Look through the data below for the line with "Les passagers de" and the line with "Nguyễn Đức Việt trong màu áo HAGL", then transcribe exactly from the first through the second, leaving out all pictures.

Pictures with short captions
........

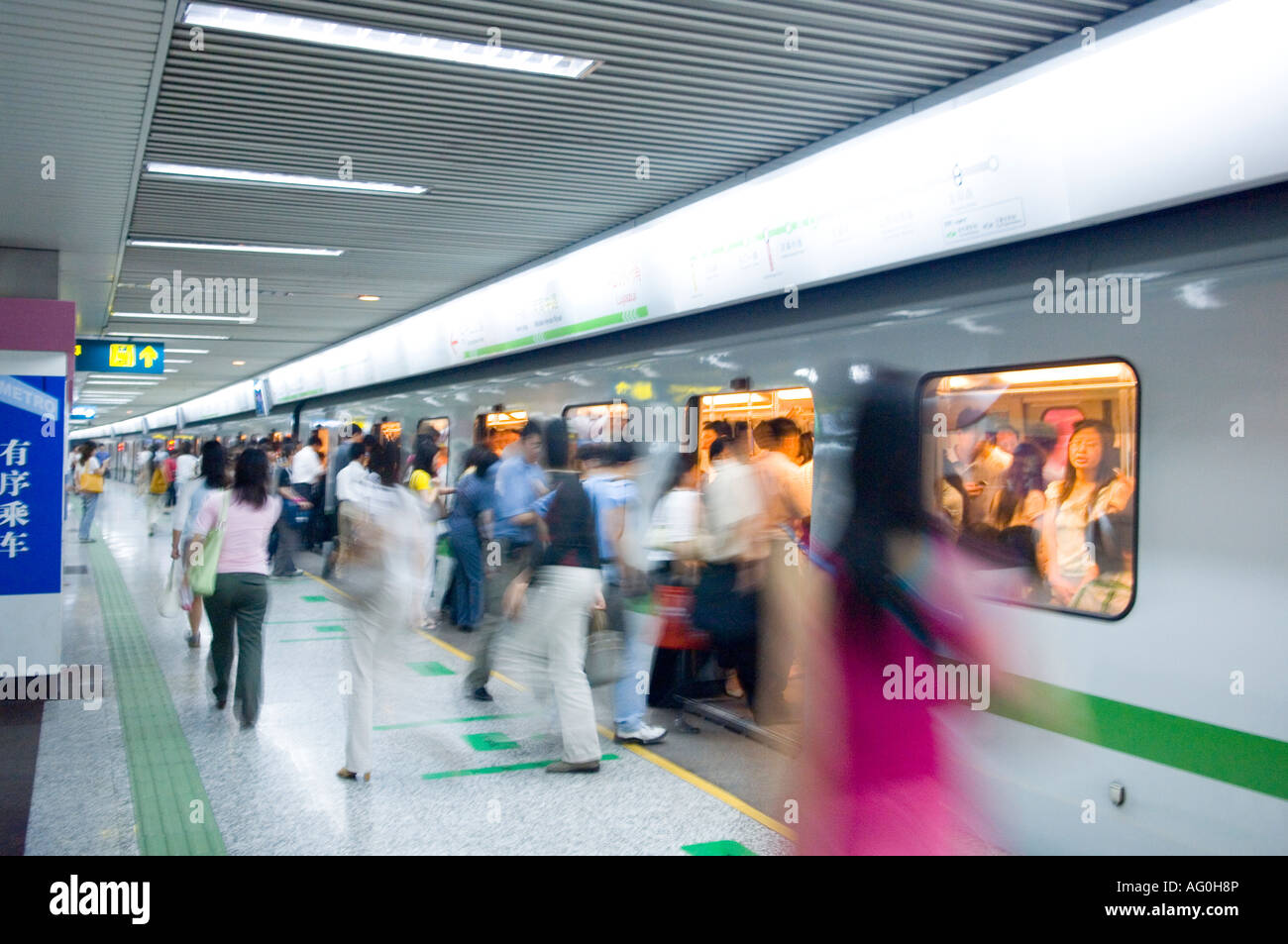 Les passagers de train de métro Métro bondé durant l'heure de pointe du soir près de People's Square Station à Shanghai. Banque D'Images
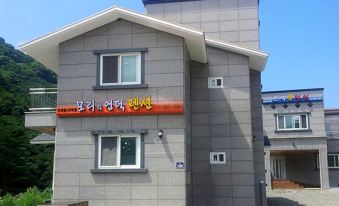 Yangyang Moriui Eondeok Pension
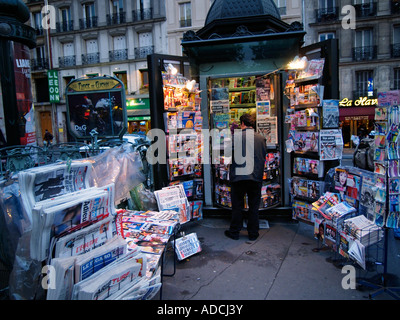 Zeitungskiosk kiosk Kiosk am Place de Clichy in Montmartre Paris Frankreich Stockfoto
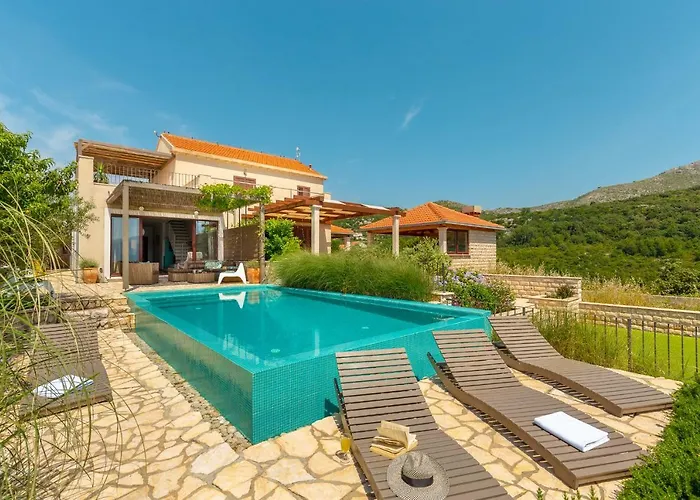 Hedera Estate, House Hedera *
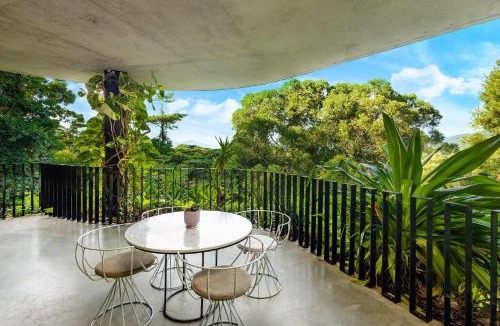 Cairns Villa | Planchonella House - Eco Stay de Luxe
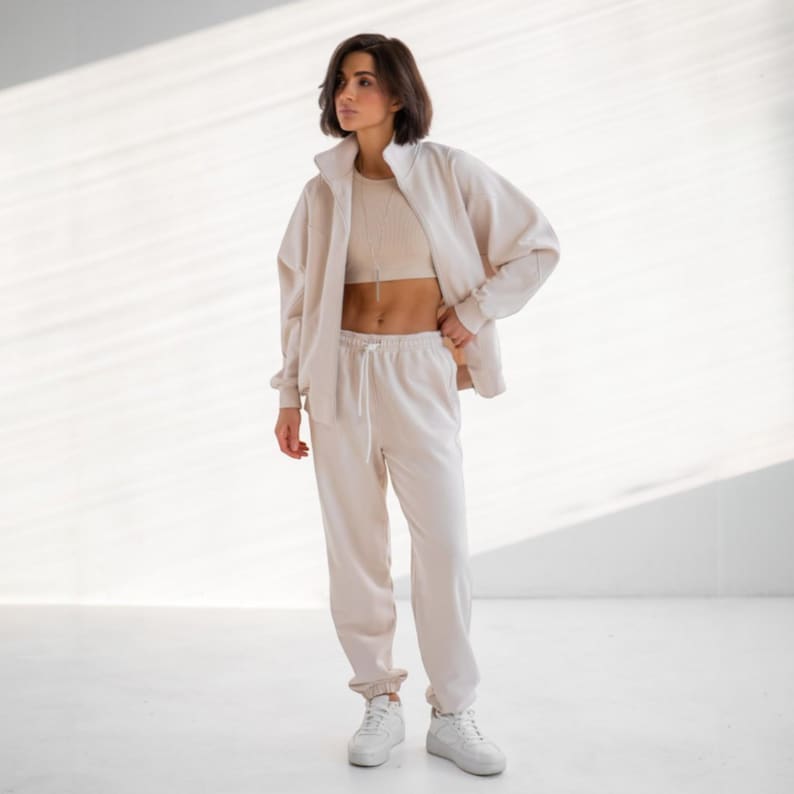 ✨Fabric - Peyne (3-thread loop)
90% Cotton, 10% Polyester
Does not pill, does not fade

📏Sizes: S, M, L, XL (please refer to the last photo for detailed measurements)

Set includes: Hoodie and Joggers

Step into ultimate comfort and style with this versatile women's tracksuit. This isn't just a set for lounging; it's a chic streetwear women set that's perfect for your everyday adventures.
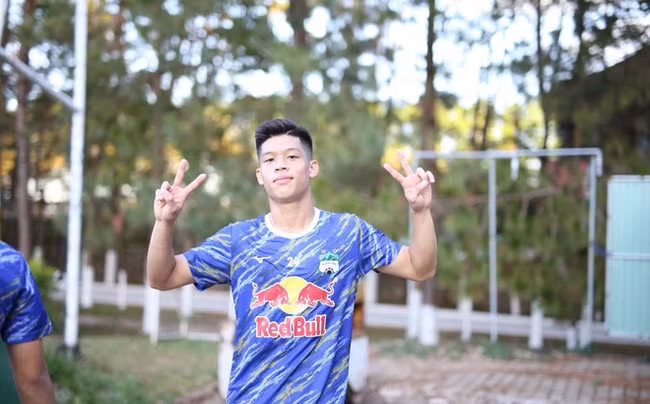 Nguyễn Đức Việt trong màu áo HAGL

........

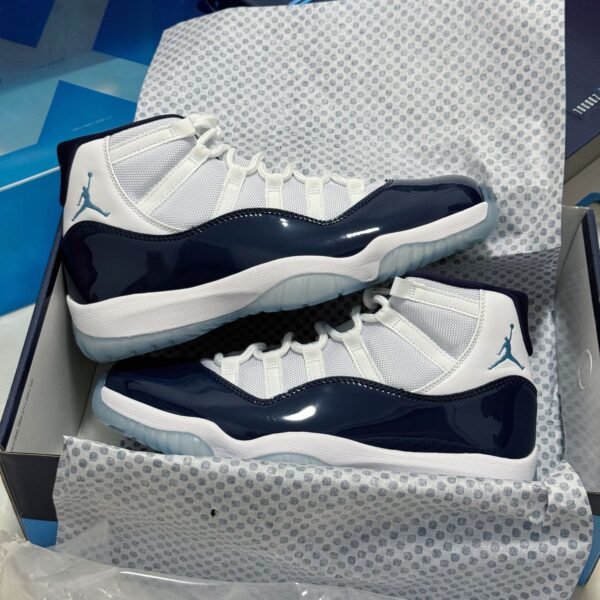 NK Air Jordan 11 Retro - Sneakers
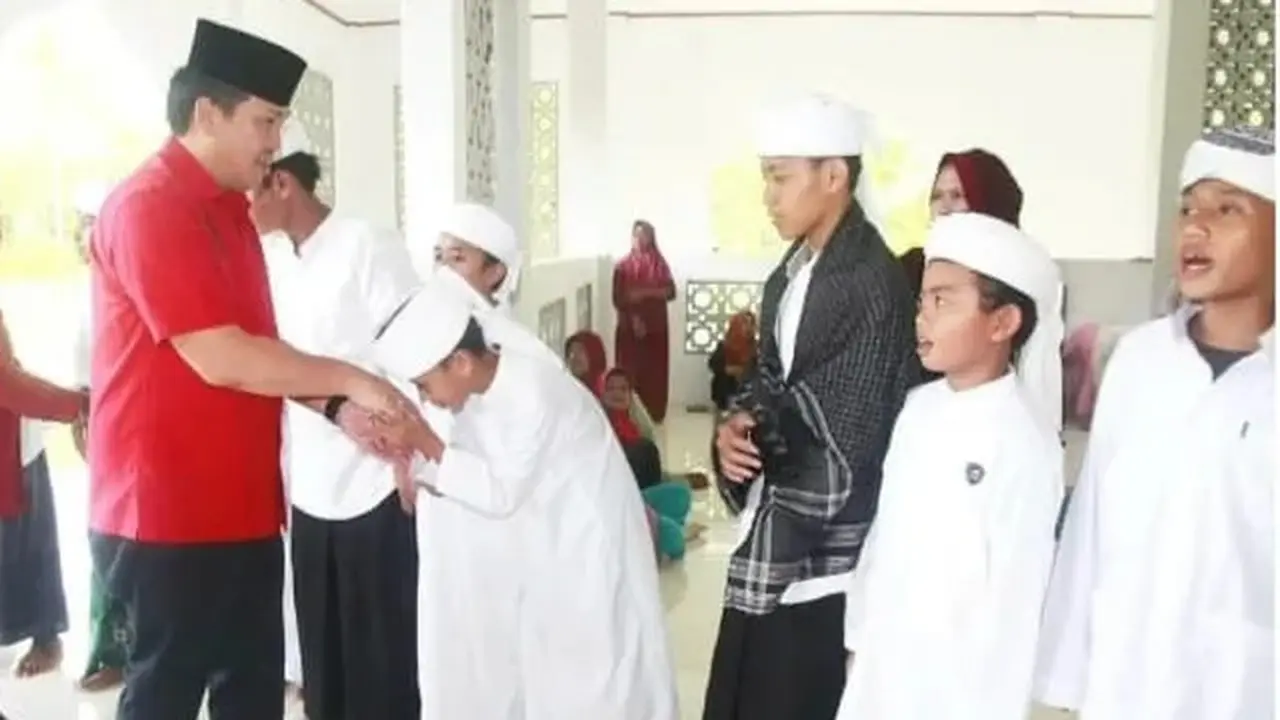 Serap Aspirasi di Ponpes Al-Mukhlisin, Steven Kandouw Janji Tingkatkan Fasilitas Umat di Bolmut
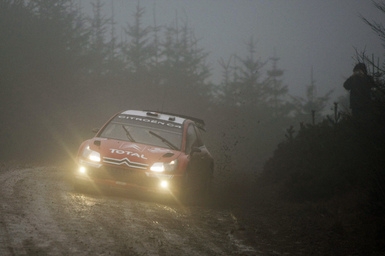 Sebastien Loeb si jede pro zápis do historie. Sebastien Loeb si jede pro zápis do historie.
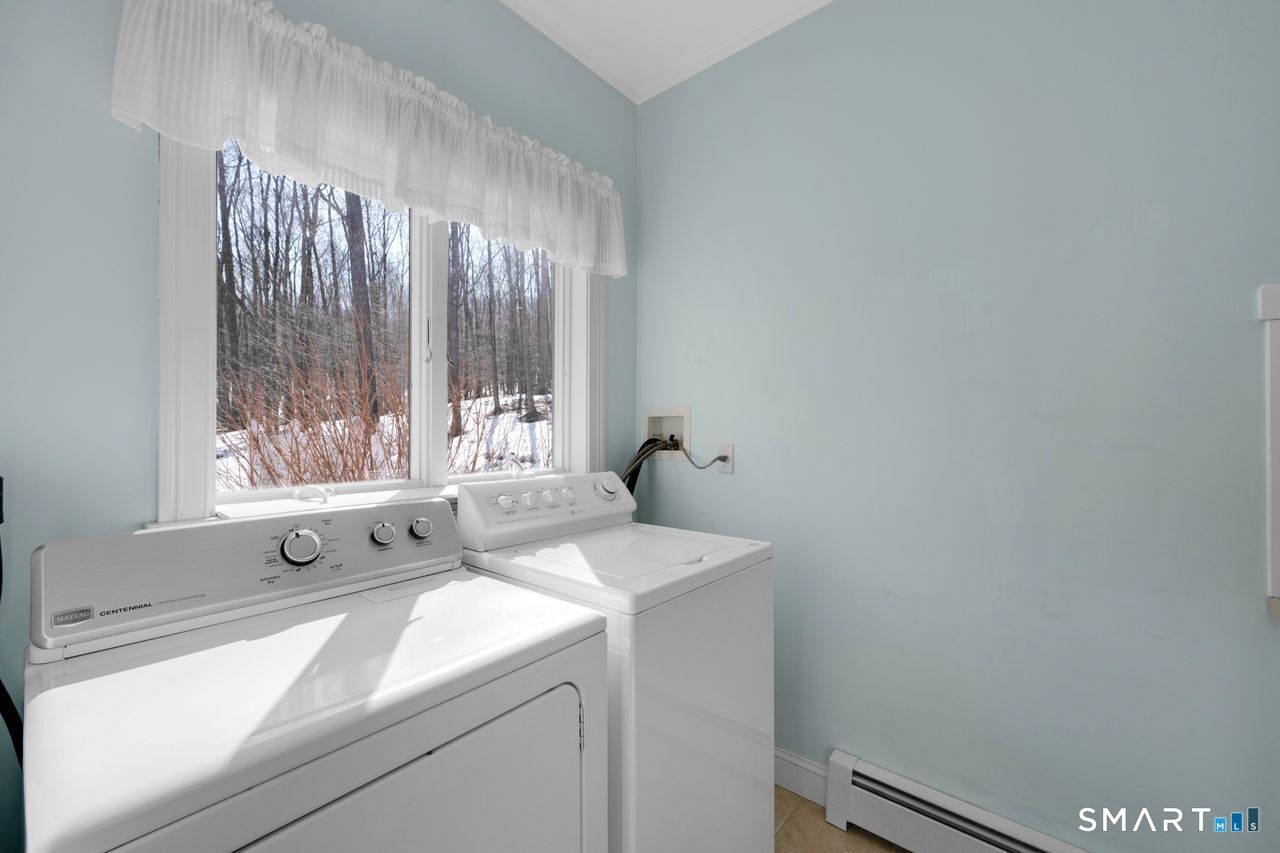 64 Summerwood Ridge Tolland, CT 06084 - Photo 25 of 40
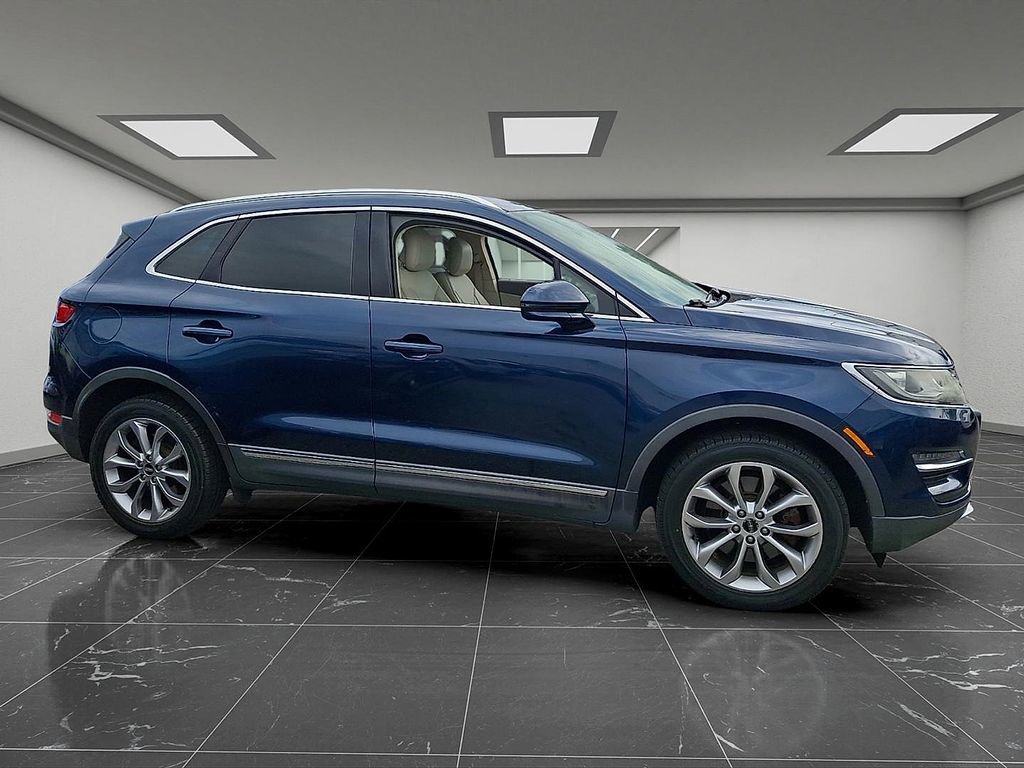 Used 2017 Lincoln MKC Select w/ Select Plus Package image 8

........

Result of the task
 Les passagers de train de métro Métro bondé durant l'heure de pointe du soir près de People's Square Station à Shanghai. Banque D'Images
 Yangyang Moriui Eondeok Pension
 Zeitungskiosk kiosk Kiosk am Place de Clichy in Montmartre Paris Frankreich Stockfoto
 Hedera Estate, House Hedera *
 Cairns Villa | Planchonella House - Eco Stay de Luxe
 ✨Fabric - Peyne (3-thread loop)
90% Cotton, 10% Polyester
Does not pill, does not fade

📏Sizes: S, M, L, XL (please refer to the last photo for detailed measurements)

Set includes: Hoodie and Joggers

Step into ultimate comfort and style with this versatile women's tracksuit. This isn't just a set for lounging; it's a chic streetwear women set that's perfect for your everyday adventures.
 Nguyễn Đức Việt trong màu áo HAGL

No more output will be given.